Can AOL Grab TV Dollars Through Adap.tv?

With its purchase of Adap.tv yesterday, AOL upped its investment in the advertising technology arena significantly. But ultimately the purchase isn’t about squeezing more dollars from digital ad budgets, executives said. Long term, it’s about positioning AOL in a place where it can tap into TV dollars.

Yesterday AOL CEO Tim Armstrong repeatedly stressed his desire to “capitalize on the shift” from traditional television to online. The acquisition, he said, will help.

“We think there will be a significant opportunity in the TV space as traditional TV moves to the Internet,” he told Digiday. “We believe programmatic video will be a decade-long opportunity.”

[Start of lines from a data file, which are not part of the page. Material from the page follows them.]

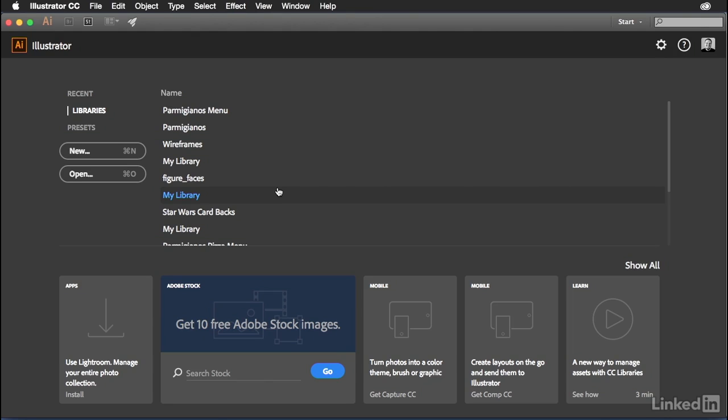In this next movie, we're going to be working with patterns and gradients. In order to do that, we're going to create the actual front and back covers and the inside page templates for our menu design.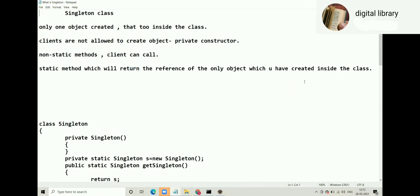You call non-static methods by creating objects. But here's the problem: you cannot create an object, yet you want to call non-static methods. How will you call them? You cannot create an object — you want to call non-static methods. It's a helpless situation. A reference must point to an object, but you can't create one.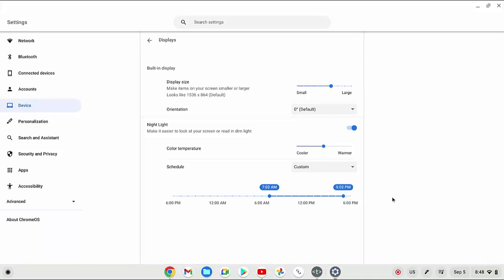Now the nightlight mode will turn on automatically at 7 a.m. and will turn off automatically at 5 p.m. Okay, thank you for watching. Have a nice day.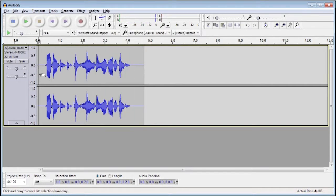So there you have it, Noise Removal inside of Audacity. It's a very simple tool but it's also very powerful and very useful.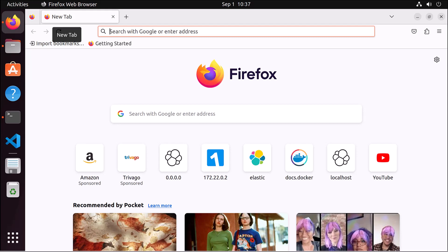Hi everyone. Let's go ahead and see how you can install Elasticsearch with Docker Compose. Previously we have seen how you can install Docker, how you can install Elasticsearch, and how you can install Elasticsearch with Docker. In today's lesson we are going to see how you can install Elasticsearch and Kibana with Docker Compose.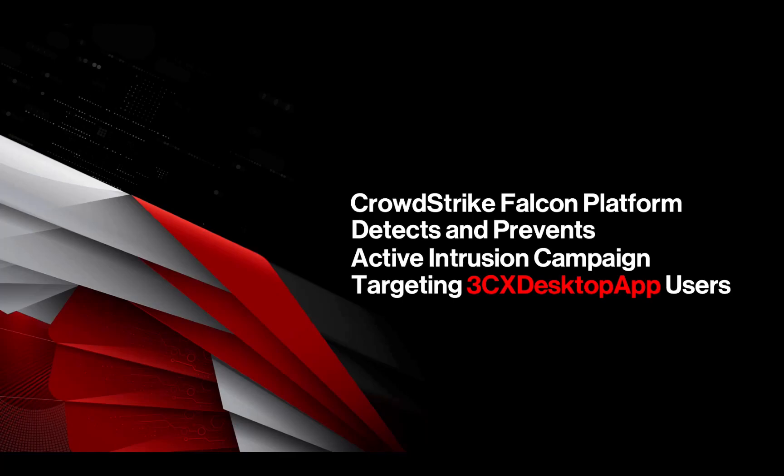CrowdStrike recently observed unexpected malicious activity emanating from the legitimate and signed 3CX desktop app, a softphone application from 3CX available for Windows, Mac, Linux, and mobile. At this time, the malicious activity has been observed on versions of 3CX desktop app installers on Windows and Mac.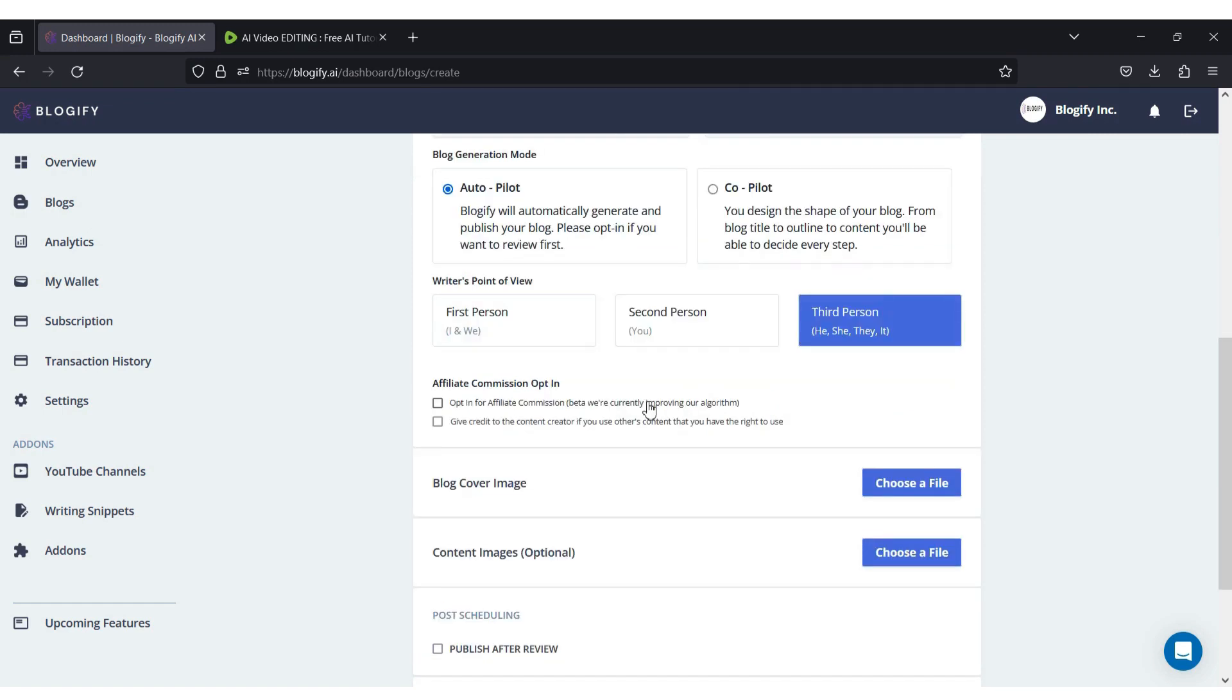Moving on, you can choose whether or not to add affiliate links to your blog and give credit to the content creator, considering that you have the right to use it. The affiliate commission feature is still in its beta phase, so please be patient with it.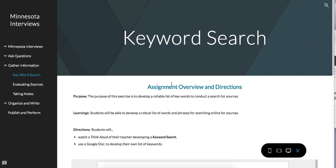The purpose of this screencast is to help support your efforts to create a keyword search list. We are now entering the G, or gathering information, phase of the research process, and it starts with creating a keyword search for where we're going to get started on the internet.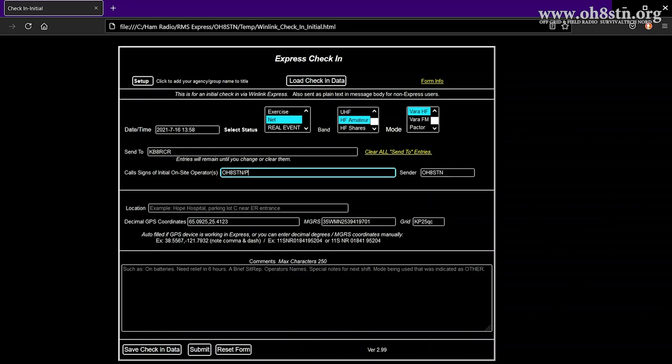In the next box, I populate my actual call sign, Oscar Hotel 8 Sierra Tango November. If another operator were sending this message for you, their call sign would be populated in this field.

It’s telling, too, that Adap.tv will not be housed along with AOL’s other ad tech assets under its Networks division, now run by former Razorfish CEO Bob Lord. It’ll live instead in a separate video unit, managed by video SVP Ran Harnevo. That division is squarely about video. With video syndicator 5min and a wealth of video of its own, AOL can now go to mid-tier publishers with a nice story: Run videos on your site, along with the ads supplied through Adap.tv, and you’ll get higher CPMs than your regular display ads, which are mostly fetching bargain prices.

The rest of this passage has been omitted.